Berdasarkan pemantauan KLHK pada tahun 2022 menunjukan bahwa sisa hutan alam di Indonesia seluas ±96 juta hektare dan ditahun yang sama tutupan hutan di Riau seluas ±73 ribu hektare atau setara dengan 0.8 % wilayah daratannya dengan rata-rata laju deforestasi tahunan seluas ±21 ribu hektare.  

Selain hutan, kawasan pesisir dan pulau-pulau kecil di Riau mengalami pergeseran fungsi. Mulai dari praktek penebagangn, alih fungsi lahan dan pencemaran akibat tambak udang. Tercatat 482 km kawasan pesisir Riau mengalami dampak abrasi akibat rusaknya ekosistem mangrove. Daya rusak ini akibat tata kelola perizinan buruk sehingga terjadinya bencana ekologis dan konflik di beberapa daerah. 

Kabupaten Pelalawan dengan alih fungsi gambutnya menjadi kebun kelapa sawit yang memicu kerusakan gambut. Hal ini terjadi di Pulau Mendol yang hampir seluruh kawasannya merupakan kawasan gambut. Bayangan ekspansi perkebunan kelapa sawit milik PT Trisetia Usaha Mandiri (TUM) masih menghantui masyarakat yang saat ini masih berjuang merebut kembali legalitas atas tanah.
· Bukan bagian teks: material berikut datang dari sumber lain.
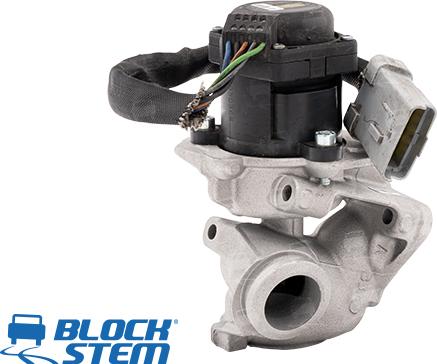 BlockStem EGR0124 - Valvola ricircolo gas scarico-EGR autozon.pro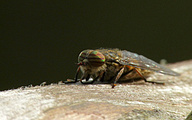 Giant Horse-fly (Female, Tabanus bovinus)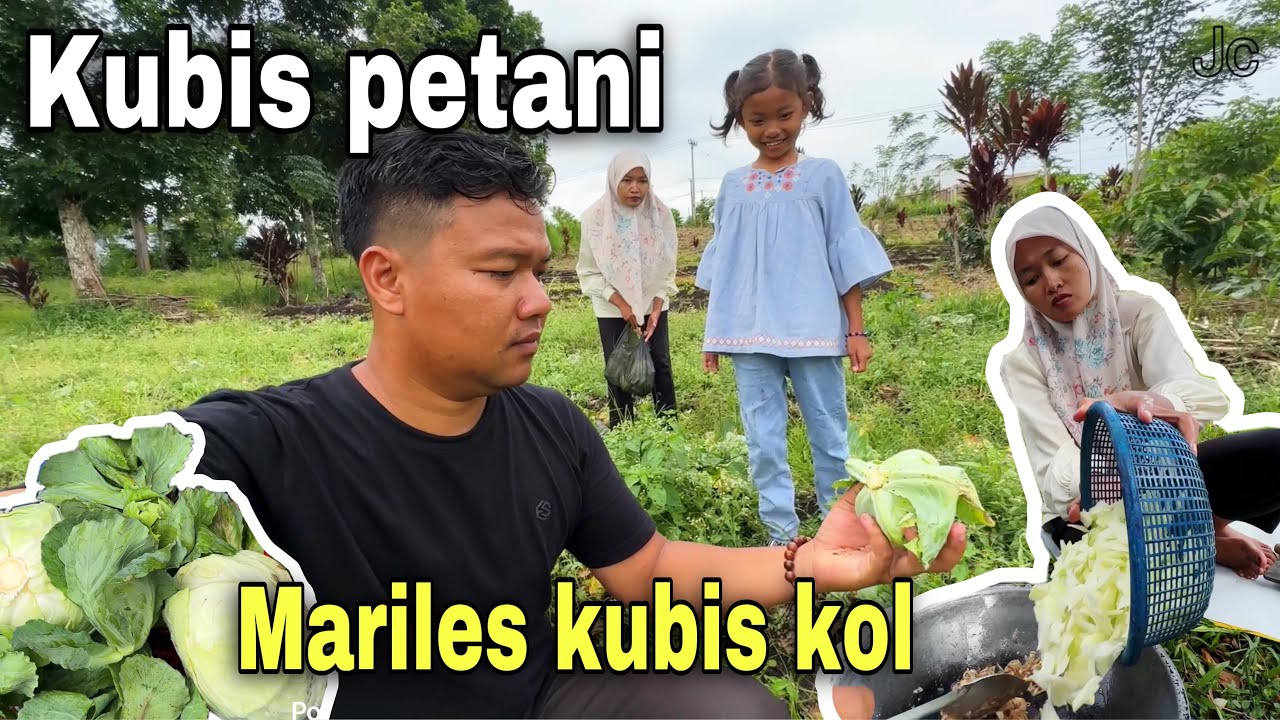 MARILES KUBIS PETANI DI BENGKULU⁉️ BANYAK KUBIS YANG TERTINGGAL 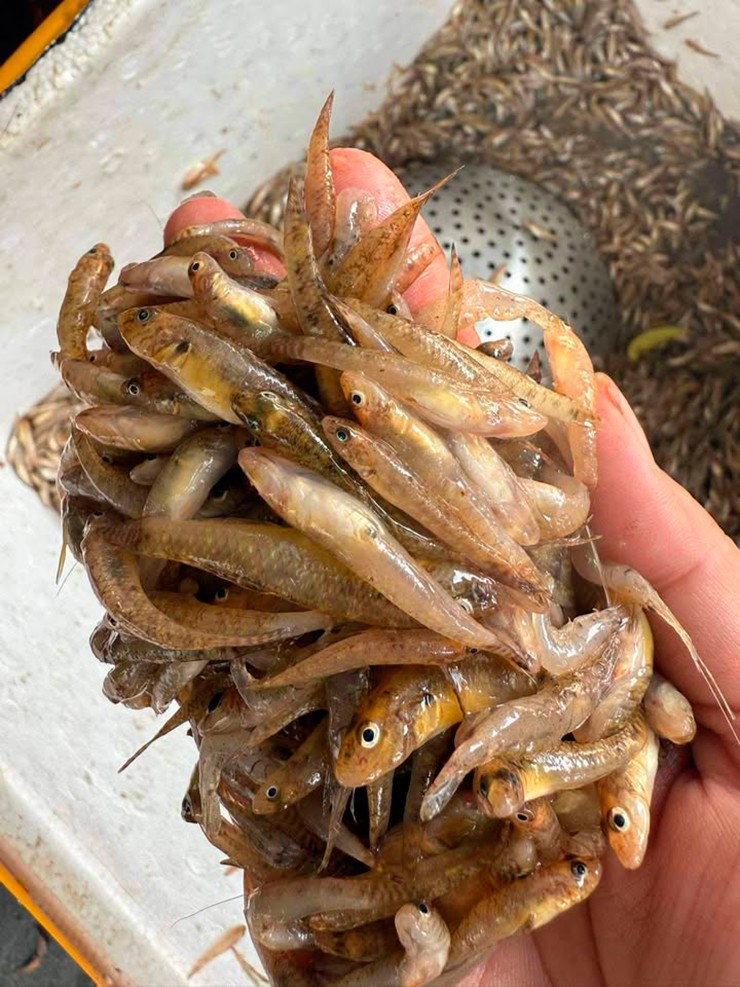 Ở dòng sông Đà có một loại cá kích thước bé nhưng được biết tới như một món đặc sản quen thuộc, thơm ngon, đó là con cá bống.
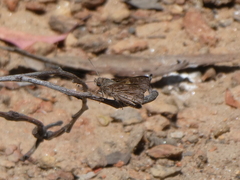 Trapezites phigalioides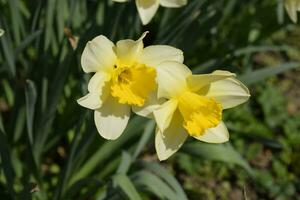 Spring flowering bulb plants in the flowerbed. Flowers daffodil yellow photo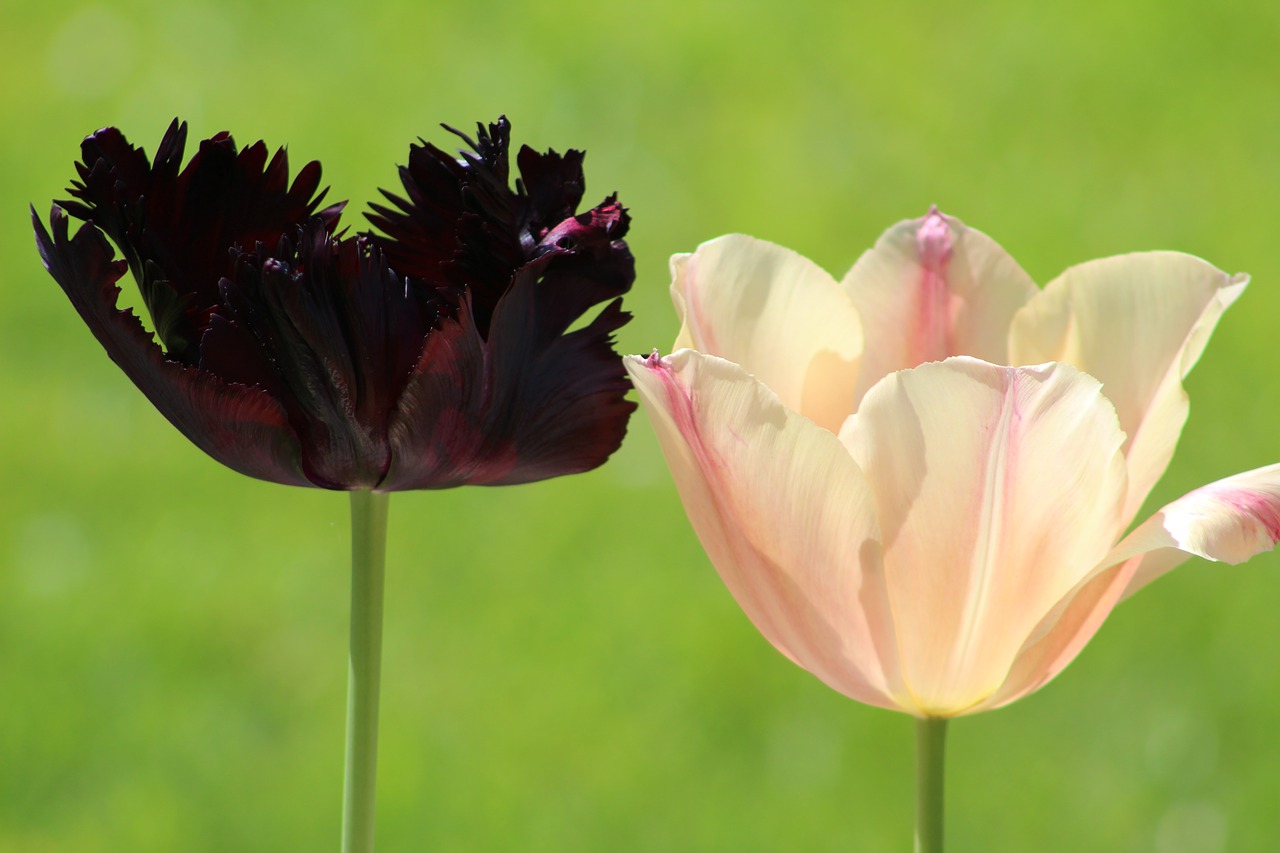 tulips flower plant free photo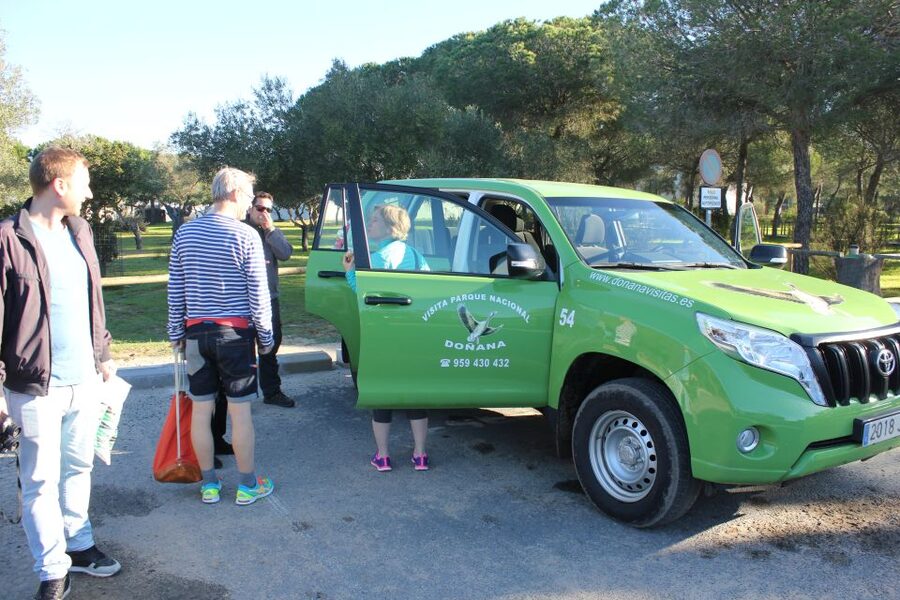 From Seville: Doñana Natural Park, El Rocio and Matalascañas - Comfort, timing, and who should book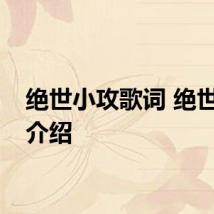绝世小攻歌词 绝世小攻介绍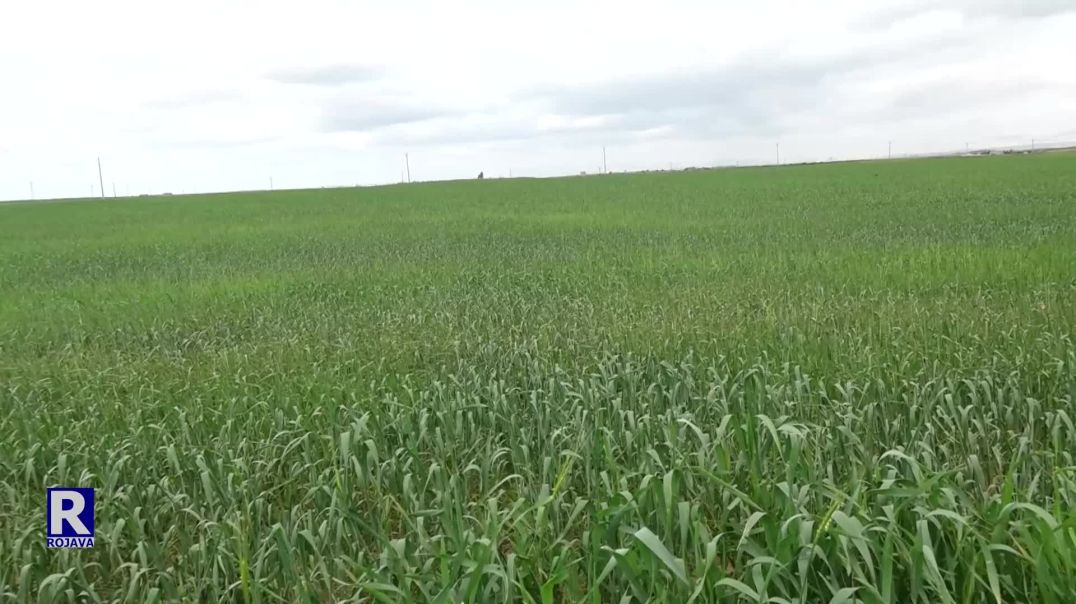 Ji Ber Kêmbarîna Baranê, Rewşa Çandiniyê Ya Herêmê Di Metirsiyê De Ye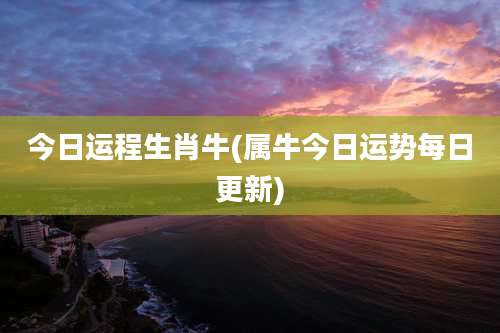 今日运程生肖牛(属牛今日运势每日更新)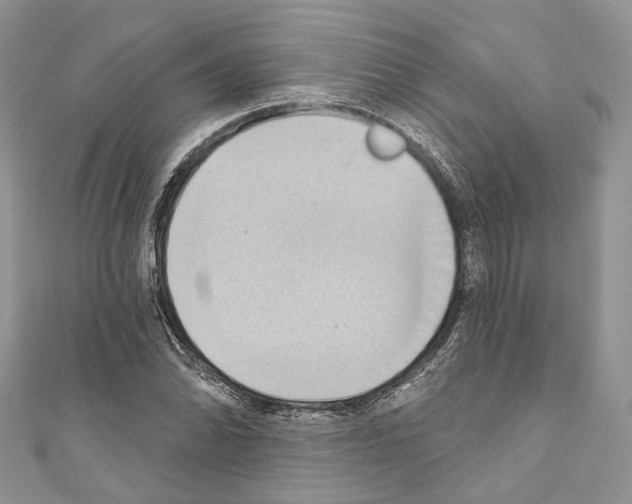 X0000110681070200907241039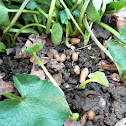 Lesser Celandine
Jika masih dibebani oleh perkebunan kelapa sawit, hal ini menambah beban berlapis dan mengancam hilangnya ruang penghidupan perempuan yang mayoritas bekerja sebagai petani dan berkebun. 

Aktivitas tambang masih mengganggu nelayan Pulau Rupat Utara, Bengkalis dan masyarakat Desa Batu Ampar, Indragiri Hilir. Setelah Izin Usaha Pertambangan (IUP) PT Logo Mas Utama dicabut, masyarakat mendorong penetapan Kawasan Konservasi di perairan bagian utara sebagai upaya melindungi ekosistem dan wilayah tangkap nelaya  tradisional. Sedangkan masyarakat Desa Batu Ampar, masih menuntut ganti rugi kerusakan rumah akibat aktivitas blasting PT Bara Prima Pratama (BPP). PT BPP juga mencemari air yang menjadi sumber penghidupan masyarakat. 

 
3. Ahlul Fadli, Manager Kampanye dan Pengarusutamaan Keadilan Iklim 

WALHI Riau kiritik soal kebijakan Makan Bergizi Gratis (MBG), pasalnya ada pemaksaan sumber pangan dari luar bukan bersumber dari lokal. Kita tahu bahwa sumber pangan yang ada di tanah air itu sangat berlimpah, tapi tidak dilirik sebagai sumber pangan utama. Melihat dari Merauke, 2 Juta Hektare lahan dikonversi menjadi pertanian yang menyebabkan kondisi makanan lokal saat itu menjadi terpinggirkan. Padahal masyarakat Papua yang saat ini bisa hidup akibat dengan adanya makanan lokal mereka.  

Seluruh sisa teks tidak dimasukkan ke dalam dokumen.